Description
Former nurse Christie Watson draws back the bedside curtain on 20 years of care. From agonising sorrow to empathetic camaraderie, it's an account that's both immersive and humbling.
Following a 20-year career that included stints at Great Ormond Street Hospital and St Mary’s Hospital in Paddington, author and former nurse Christie Watson shares a personal, timely and indispensably important story that gives voice to those whose job it is to care for us at our most vulnerable and at our last.
Nursing is - or should be - an indiscriminate act of caring, compassion and empathy. It should be a reminder of our capacity to love one another. If the way we treat our most vulnerable is a measure of our society, then the act of nursing itself is a measure of our humanity. Yet it is the most undervalued of all the professions.
Moving through her twenty-year career in nursing, Christie recounts moments of intense and deeply moving experience; from nursing a premature baby who has miraculously made it through the night, to the pain and privilege of washing the hair of a child fatally injured in a fire, attempting to remove the toxic smell of smoke before the grieving family arrive.

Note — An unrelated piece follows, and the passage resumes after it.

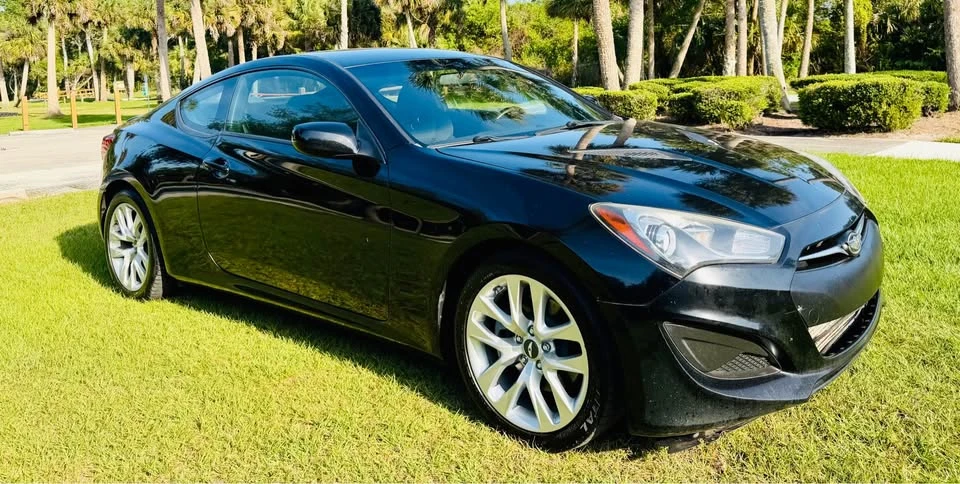 2013 Hyundai Genesis Coupe - Image 2 of 12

For Christie, ‘both nursing and writing are about stepping into other shoes all the time’ and, in The Language of Kindness, she brings readers inside a closed circle of life at its most visceral, raw and vital. Drawing on her professional experience and on the profound impact of her father’s death from cancer, Christie turns a personal memoir into a quietly fervent examination of the necessity of care and what its value says about our society and who we are. ‘In an age where we have everything’, Christie argues, ‘when our living conditions are better, when our general health and education should be at a universally higher standard, we are suffering as never before.’ In the face of this, her book offers a beacon of hope, a reminder of the best in human nature. Poignant, tender and told with generosity of spirit, it is a book readers will want to press, insistently, into the hands of others.